Abrothallus secedens

Scientific classification
- Kingdom: Fungi
- Division: Ascomycota
- Class: Dothideomycetes
- Order: Abrothallales
- Family: Abrothallaceae
- Genus: Abrothallus
- Species: A. secedens
- Binomial name: Abrothallus secedens Wedin & R.Sant. (1994)

= Abrothallus secedens =

- Authority: Wedin & R.Sant. (1994)

Species of lichen

Abrothallus secedens is a species of lichenicolous fungus in the family Abrothallaceae. Found in Africa, South America, and the United States, it was formally described as a new species in 1994 by Swedish lichenologists Mats Wedin and Rolf Santesson.

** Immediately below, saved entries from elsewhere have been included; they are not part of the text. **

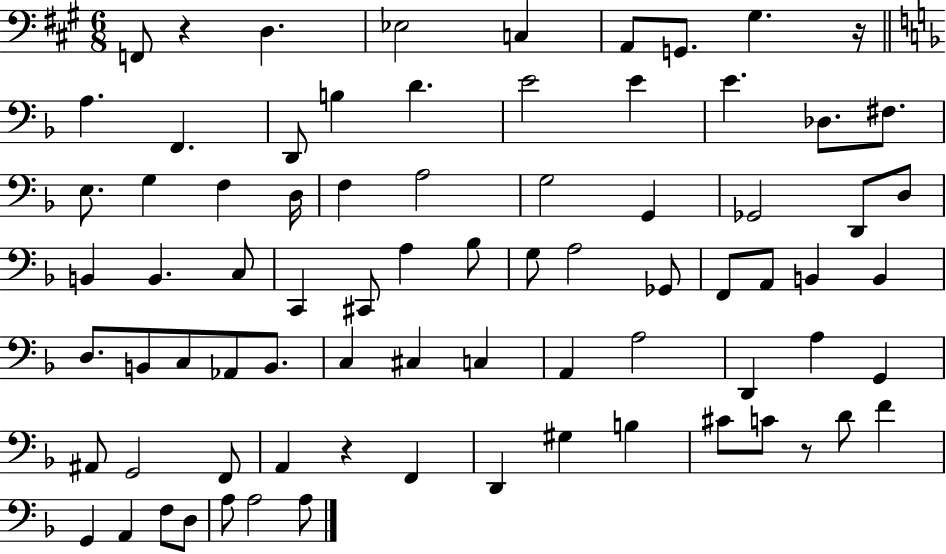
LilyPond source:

{
  \clef bass
  \numericTimeSignature
  \time 6/8
  \key a \major
  f,8 r4 d4. | ees2 c4 | a,8 g,8. gis4. r16 | \bar "||" \break \key d \minor a4. f,4. | d,8 b4 d'4. | e'2 e'4 | e'4. des8. fis8. | \break e8. g4 f4 d16 | f4 a2 | g2 g,4 | ges,2 d,8 d8 | \break b,4 b,4. c8 | c,4 cis,8 a4 bes8 | g8 a2 ges,8 | f,8 a,8 b,4 b,4 | \break d8. b,8 c8 aes,8 b,8. | c4 cis4 c4 | a,4 a2 | d,4 a4 g,4 | \break ais,8 g,2 f,8 | a,4 r4 f,4 | d,4 gis4 b4 | cis'8 c'8 r8 d'8 f'4 | \break g,4 a,4 f8 d8 | a8 a2 a8 | \bar "|."
}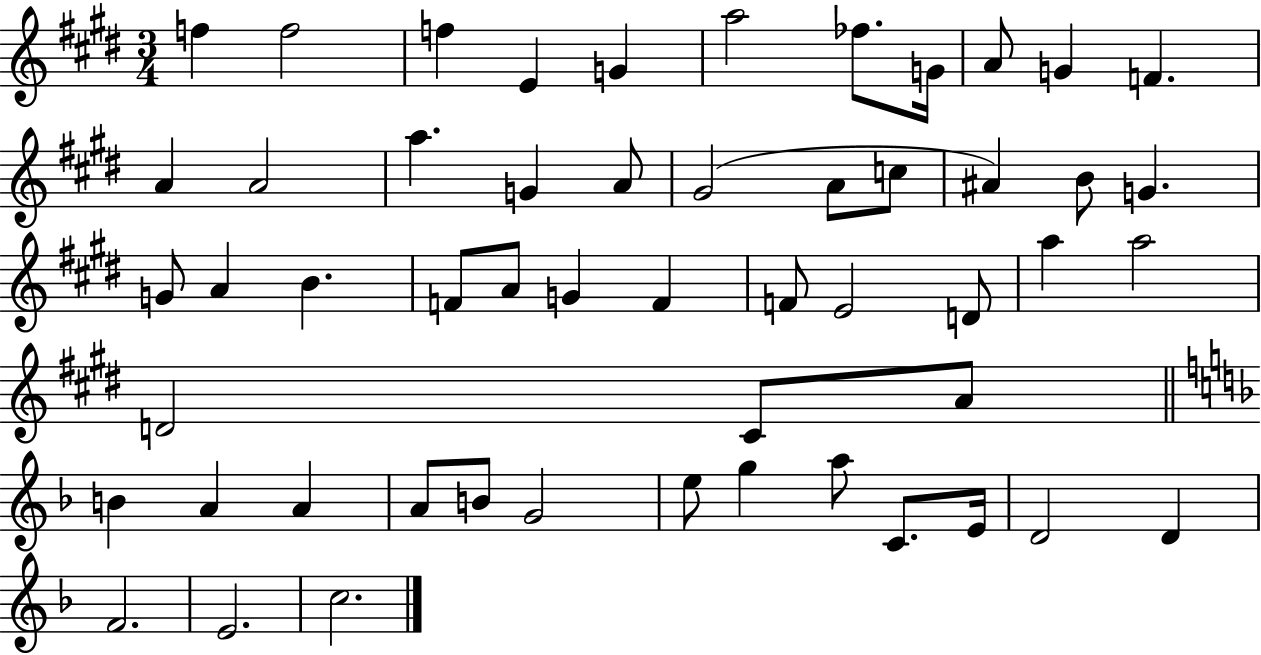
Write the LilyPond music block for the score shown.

{
  \clef treble
  \numericTimeSignature
  \time 3/4
  \key e \major
  \repeat volta 2 { f''4 f''2 | f''4 e'4 g'4 | a''2 fes''8. g'16 | a'8 g'4 f'4. | \break a'4 a'2 | a''4. g'4 a'8 | gis'2( a'8 c''8 | ais'4) b'8 g'4. | \break g'8 a'4 b'4. | f'8 a'8 g'4 f'4 | f'8 e'2 d'8 | a''4 a''2 | \break d'2 cis'8 a'8 | \bar "||" \break \key f \major b'4 a'4 a'4 | a'8 b'8 g'2 | e''8 g''4 a''8 c'8. e'16 | d'2 d'4 | \break f'2. | e'2. | c''2. | } \bar "|."
}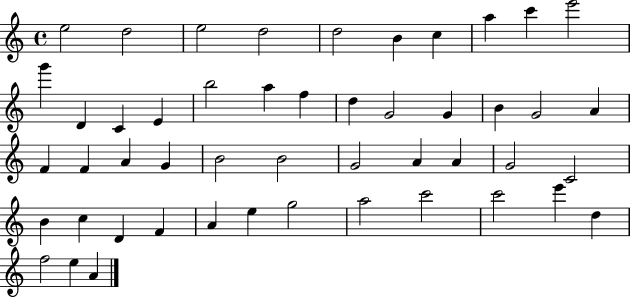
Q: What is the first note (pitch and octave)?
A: E5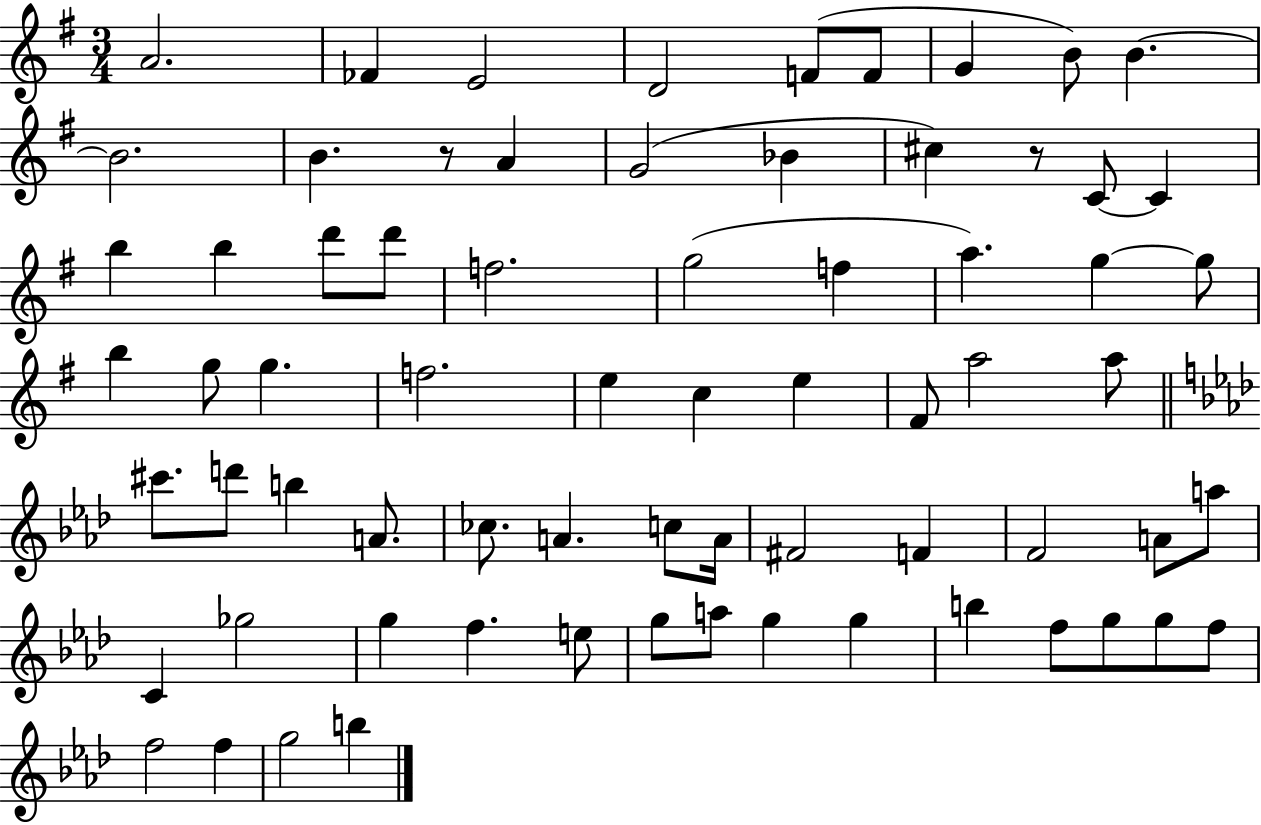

The type specimen was collected by the first author on the Martial Glacier in Ushuaia (Tierra del Fuego, Argentina) at an altitude of 550 m, where it was found on the thallus of the foliose lichen Pseudocyphellaria dubia, which itself was growing on the base of a Nothofagus antarctica tree. It has also been collected in Chile, Kenya, and Alaska. The species epithet of the fungus, secedens ("splitting apart") refers to the two-celled ascospores that eventually separate into single-celled part spores. Known hosts for Abrothallus secedens include Crocodia aurata, Pseudocyphellaria dubia, P. mallota, P. obvoluta, and other Pseudocyphellaria lichens not identified to species.